# PC BSD 1.4, geeky meets average joe!



## debsuvra (Nov 19, 2007)

WIth the rising of Open Source Software community, many unix based linux distros made their presence in the horizon of operating system,. However BSD based OSs were always labeled as "geeky" OS and comon people usually do not want to try their hands on it. But in fact, they can be useful and even more reliable than some linux distros.

The little red iconic satan represents the first BSD based OS for general use, FREEBSD. Also there are OpenBSD and off course PC-BSD. I will discuss my experience with the last one stated here.

PC-BSD is, as the name suggests, a BSD based OS and in a word it is 'cool'. The latest version is and it is packed with all the whiz-bangs. Latest linux desktop effect maker Compiz-fusion makes it's entrance here. No issue at all with most popular hardwares and all drivers and other stuffs are squeezed in a single CD!

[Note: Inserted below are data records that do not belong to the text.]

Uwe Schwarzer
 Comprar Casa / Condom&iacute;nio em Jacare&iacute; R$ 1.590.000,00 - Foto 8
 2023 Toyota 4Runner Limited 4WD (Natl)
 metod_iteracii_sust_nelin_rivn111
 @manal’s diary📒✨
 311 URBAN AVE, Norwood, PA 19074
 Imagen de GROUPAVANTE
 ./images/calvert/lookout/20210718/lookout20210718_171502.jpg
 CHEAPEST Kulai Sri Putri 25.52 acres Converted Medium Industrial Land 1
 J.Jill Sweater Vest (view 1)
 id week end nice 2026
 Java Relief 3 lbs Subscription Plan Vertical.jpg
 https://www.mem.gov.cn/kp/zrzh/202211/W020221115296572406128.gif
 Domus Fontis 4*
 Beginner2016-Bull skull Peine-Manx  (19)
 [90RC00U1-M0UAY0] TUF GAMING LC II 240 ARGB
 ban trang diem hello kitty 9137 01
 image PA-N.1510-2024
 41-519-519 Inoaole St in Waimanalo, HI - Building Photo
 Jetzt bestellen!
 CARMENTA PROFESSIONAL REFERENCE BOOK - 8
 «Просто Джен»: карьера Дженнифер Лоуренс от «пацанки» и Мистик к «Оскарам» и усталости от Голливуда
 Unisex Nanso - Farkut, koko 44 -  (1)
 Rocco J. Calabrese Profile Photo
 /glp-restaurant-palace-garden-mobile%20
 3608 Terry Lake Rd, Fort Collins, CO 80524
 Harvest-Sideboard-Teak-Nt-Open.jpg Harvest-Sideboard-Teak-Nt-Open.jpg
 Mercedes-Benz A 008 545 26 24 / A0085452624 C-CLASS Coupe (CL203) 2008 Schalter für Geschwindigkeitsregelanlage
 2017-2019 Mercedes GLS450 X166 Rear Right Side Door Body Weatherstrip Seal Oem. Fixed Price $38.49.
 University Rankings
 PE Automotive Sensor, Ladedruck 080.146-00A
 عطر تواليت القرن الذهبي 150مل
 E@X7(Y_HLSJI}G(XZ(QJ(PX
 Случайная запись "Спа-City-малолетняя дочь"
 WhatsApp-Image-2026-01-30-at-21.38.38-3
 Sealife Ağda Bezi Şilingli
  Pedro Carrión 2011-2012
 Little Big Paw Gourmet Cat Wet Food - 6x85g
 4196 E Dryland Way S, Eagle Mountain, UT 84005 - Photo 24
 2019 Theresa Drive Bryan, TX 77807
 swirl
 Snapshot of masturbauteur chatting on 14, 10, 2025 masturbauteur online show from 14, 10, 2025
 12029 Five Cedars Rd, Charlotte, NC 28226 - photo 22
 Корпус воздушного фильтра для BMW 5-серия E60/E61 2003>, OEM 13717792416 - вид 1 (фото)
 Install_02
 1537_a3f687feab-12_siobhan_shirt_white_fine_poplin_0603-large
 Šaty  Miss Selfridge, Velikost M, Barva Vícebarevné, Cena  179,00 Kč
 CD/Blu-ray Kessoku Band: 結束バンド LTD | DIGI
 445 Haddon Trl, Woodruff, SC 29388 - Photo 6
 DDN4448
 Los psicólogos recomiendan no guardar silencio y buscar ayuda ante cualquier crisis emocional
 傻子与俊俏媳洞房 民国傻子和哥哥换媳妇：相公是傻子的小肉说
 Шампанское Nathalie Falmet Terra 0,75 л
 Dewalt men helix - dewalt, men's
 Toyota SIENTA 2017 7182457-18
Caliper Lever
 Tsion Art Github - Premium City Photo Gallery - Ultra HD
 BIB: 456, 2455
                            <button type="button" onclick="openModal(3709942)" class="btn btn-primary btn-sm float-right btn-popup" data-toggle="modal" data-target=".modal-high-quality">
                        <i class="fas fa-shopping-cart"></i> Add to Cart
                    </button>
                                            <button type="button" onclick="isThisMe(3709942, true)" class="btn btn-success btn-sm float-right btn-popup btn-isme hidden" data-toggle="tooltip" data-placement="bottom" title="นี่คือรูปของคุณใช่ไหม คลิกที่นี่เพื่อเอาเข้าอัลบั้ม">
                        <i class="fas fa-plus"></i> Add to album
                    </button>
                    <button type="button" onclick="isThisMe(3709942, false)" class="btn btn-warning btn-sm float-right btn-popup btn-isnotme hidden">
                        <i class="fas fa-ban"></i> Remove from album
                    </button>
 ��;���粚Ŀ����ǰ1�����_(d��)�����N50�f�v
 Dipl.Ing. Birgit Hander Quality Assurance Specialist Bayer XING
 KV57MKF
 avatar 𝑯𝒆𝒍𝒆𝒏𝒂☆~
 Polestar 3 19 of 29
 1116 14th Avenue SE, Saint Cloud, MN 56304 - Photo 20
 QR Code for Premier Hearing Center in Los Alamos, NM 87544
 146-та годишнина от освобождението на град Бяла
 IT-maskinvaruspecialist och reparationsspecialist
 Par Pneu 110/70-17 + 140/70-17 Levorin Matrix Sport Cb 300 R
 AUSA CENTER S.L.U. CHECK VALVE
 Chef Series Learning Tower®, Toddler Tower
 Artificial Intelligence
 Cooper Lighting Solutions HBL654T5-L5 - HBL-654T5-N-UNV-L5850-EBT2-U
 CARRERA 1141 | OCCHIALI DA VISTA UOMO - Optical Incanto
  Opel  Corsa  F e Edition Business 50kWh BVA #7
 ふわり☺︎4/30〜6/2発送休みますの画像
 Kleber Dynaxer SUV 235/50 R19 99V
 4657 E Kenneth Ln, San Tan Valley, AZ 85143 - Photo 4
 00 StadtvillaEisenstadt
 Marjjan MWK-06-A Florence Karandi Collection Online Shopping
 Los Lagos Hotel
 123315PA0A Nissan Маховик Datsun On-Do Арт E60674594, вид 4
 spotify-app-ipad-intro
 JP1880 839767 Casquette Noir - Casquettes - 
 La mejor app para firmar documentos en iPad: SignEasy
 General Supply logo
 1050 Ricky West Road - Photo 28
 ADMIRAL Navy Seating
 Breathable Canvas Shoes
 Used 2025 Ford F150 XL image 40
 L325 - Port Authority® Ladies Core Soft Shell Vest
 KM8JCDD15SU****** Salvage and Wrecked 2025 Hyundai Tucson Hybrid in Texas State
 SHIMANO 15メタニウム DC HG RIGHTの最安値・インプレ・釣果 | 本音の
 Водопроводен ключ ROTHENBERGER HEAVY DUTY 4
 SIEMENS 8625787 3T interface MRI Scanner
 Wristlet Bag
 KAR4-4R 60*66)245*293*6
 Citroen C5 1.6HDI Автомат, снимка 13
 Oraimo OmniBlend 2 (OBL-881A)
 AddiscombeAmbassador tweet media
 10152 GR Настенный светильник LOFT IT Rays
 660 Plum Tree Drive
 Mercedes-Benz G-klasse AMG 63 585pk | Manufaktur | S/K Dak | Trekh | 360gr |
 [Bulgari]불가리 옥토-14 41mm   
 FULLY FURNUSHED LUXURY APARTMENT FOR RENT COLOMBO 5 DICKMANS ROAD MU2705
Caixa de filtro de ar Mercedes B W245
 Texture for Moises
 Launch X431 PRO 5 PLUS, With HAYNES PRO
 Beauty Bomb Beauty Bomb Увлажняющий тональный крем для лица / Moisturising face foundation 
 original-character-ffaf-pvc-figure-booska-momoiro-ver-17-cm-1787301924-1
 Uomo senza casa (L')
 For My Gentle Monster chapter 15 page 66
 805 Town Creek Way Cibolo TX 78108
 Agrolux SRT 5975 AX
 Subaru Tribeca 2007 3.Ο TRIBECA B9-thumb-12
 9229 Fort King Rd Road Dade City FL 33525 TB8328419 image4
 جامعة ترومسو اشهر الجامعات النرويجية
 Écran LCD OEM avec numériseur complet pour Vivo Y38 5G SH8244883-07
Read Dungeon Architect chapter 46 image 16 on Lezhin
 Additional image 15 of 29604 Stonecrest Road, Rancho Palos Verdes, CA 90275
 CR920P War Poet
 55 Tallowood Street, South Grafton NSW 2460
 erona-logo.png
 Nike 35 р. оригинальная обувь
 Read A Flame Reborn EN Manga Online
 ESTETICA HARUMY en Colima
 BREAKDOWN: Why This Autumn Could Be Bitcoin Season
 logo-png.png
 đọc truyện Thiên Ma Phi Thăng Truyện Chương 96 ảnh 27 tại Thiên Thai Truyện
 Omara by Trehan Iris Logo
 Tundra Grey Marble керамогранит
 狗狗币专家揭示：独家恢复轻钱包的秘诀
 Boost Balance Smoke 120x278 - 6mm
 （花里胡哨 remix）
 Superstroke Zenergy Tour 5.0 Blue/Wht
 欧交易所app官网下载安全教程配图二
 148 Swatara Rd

The installation, in my case was a piece of cake. It came, entered in my DVD drive, booted, gathered required infos, installed, rebooted and asked me about my Graphics card and card driver and then ran peacefully. Compiz is great even at the resolution of 1280*1024 (my CRT does not support bigger) with just nVidia 5200 AGP! No mess with drivers, no frame drop or crashing when rendering windows and no hang-up during operation.

*MORE on*  SOURCE


----------



## praka123 (Nov 19, 2007)

pc-bsd uses kde


----------



## debsuvra (Nov 19, 2007)

So what? R u a GNOME freak, I am a command line freak


----------



## praka123 (Nov 19, 2007)

yes.Gnome user and CLI too.Gnome feels comfortable for me and i found that pc-bsd got latest Gnome-2.20 as extra package 
BTW,latest release for pc-bsd is 1.4.1


----------